Run operator and cluster under istio (maistra) mesh - either webhook or status is unavailable #1280

alishchytovych · 2022-12-26T01:39:28Z

alishchytovych
Dec 26, 2022

Trying to run cnpg operator (1.18.1) and cluster under istio (maistra 2.2) service mesh and have a major issue.

operator runs in cnpg-system namespace
cluster nodes run in workload namespace

if cnpg-system is a member of maistra (has maistra.io/member-of: istio-system) - no cluster can be created with the error "failed calling webhook "vpooler.kb.io": failed to call webhook: Post "https://cnpg-webhook-service.cnpg-system.svc:443/validate-postgresql-cnpg-io-v1-pooler?timeout=10s": dial tcp 10.130.3.18:9443: i/o timeout"

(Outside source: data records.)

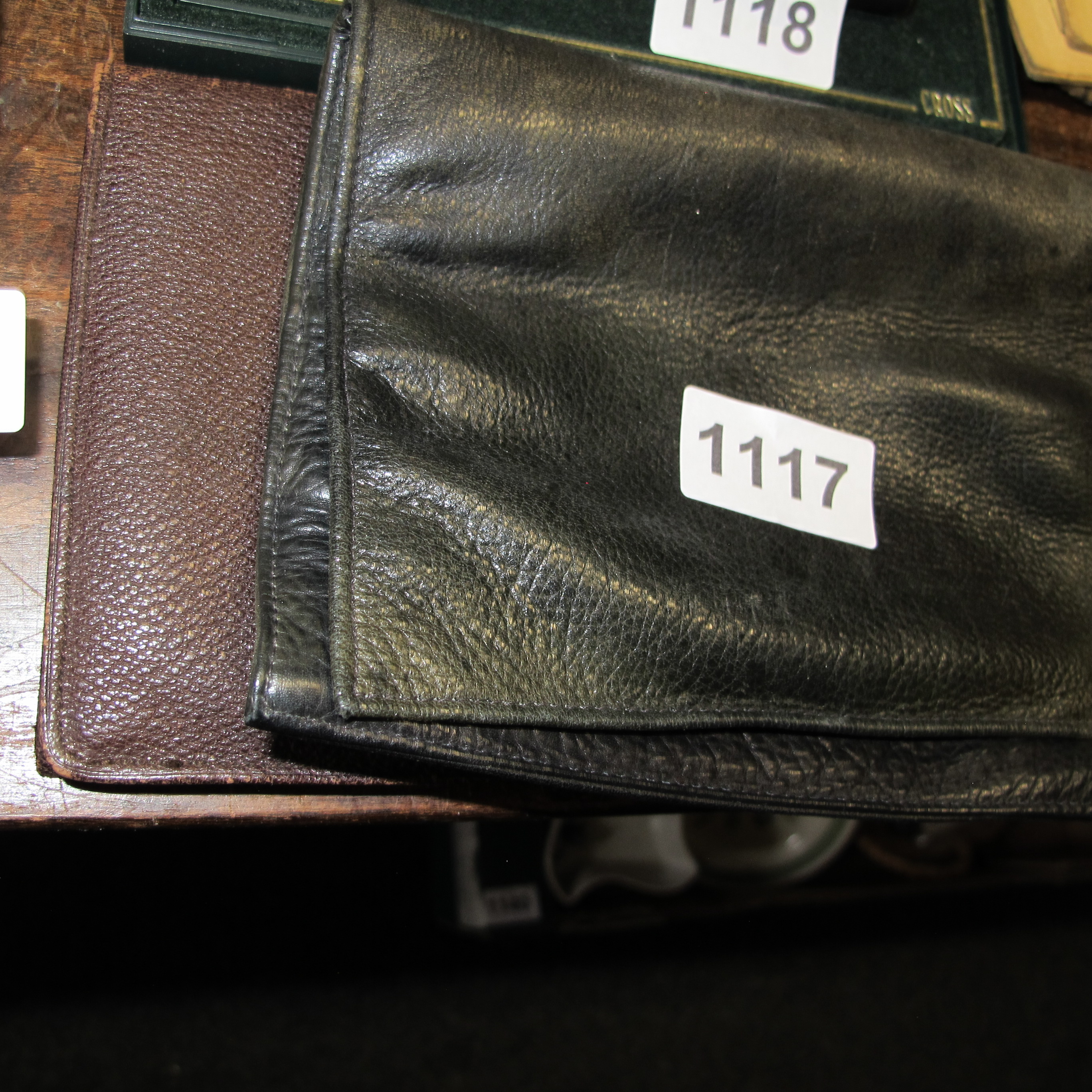 Lot 1117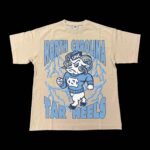 DND. COLLEGE (UNC) - Image 3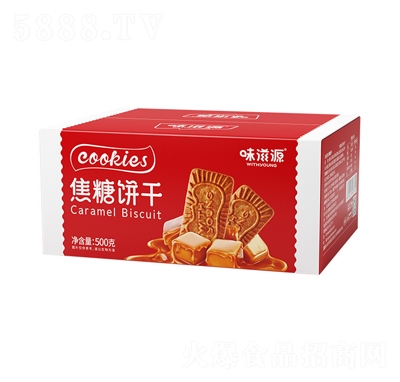 ζ��Դ��������e���c(di��n)��ʳ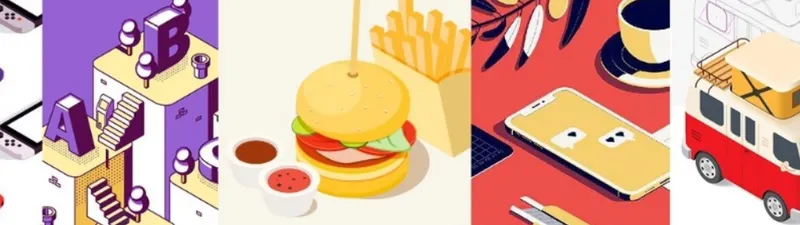 Скачать курс «[Юниверс] Векторная иллюстрация - Adobe Illustrator. Сентябрь 2019  (Александр Сераков)» — слив курса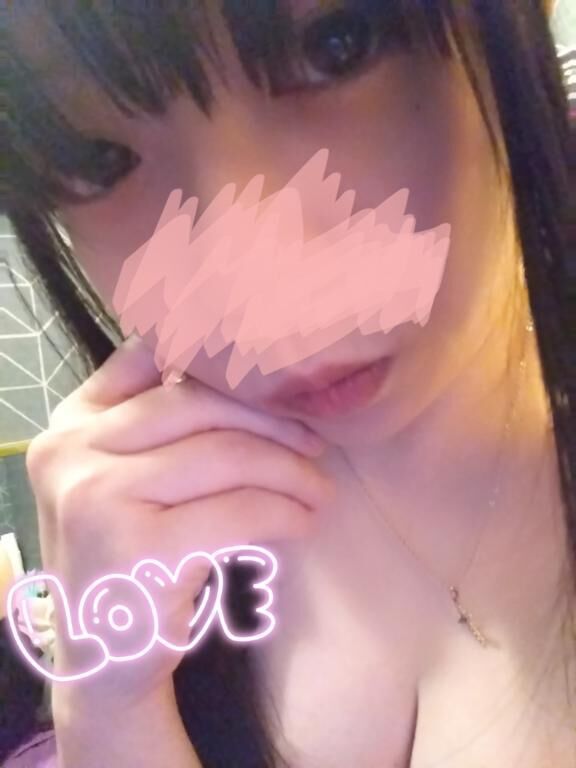 朝からムラっとしてしまった&#9825;&#9825;(困w)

if cnpg-system is not a member of service mesh - operator can't get cluster status with the errors like this "msg":"Cannot extract Pod status","controller":"cluster","controllerGroup":"postgresql.cnpg.io","controllerKind":"Cluster","Cluster":{"name":"pg","namespace":"workload"},"namespace":"workload","name":"pg","reconcileID":"ba85f1e4-b2c2-452e-a324-3472e7d33a9e","uuid":"e6e96622-84a6-11ed-96f7-0a580a8202ff","name":"pg-1","error":"Get "http://10.128.2.214:8000/pg/status\": dial tcp 10.128.2.214:8000: i/o timeout"}"

In the cluster definition the server instances and pooler have annotations, these annotations are properly inhereted by the corresponding pods:
annotations:
sidecar.istio.io/inject: 'true'
proxy.istio.io/config: '{ "holdApplicationUntilProxyStarts": true }'

I've tried to use traffic.sidecar.istio.io/excludeInboundPorts: "8000" - it doesn't help.
I've tried to create serviceentry, virtualservice and destinationrule for webhook - it doesn't help.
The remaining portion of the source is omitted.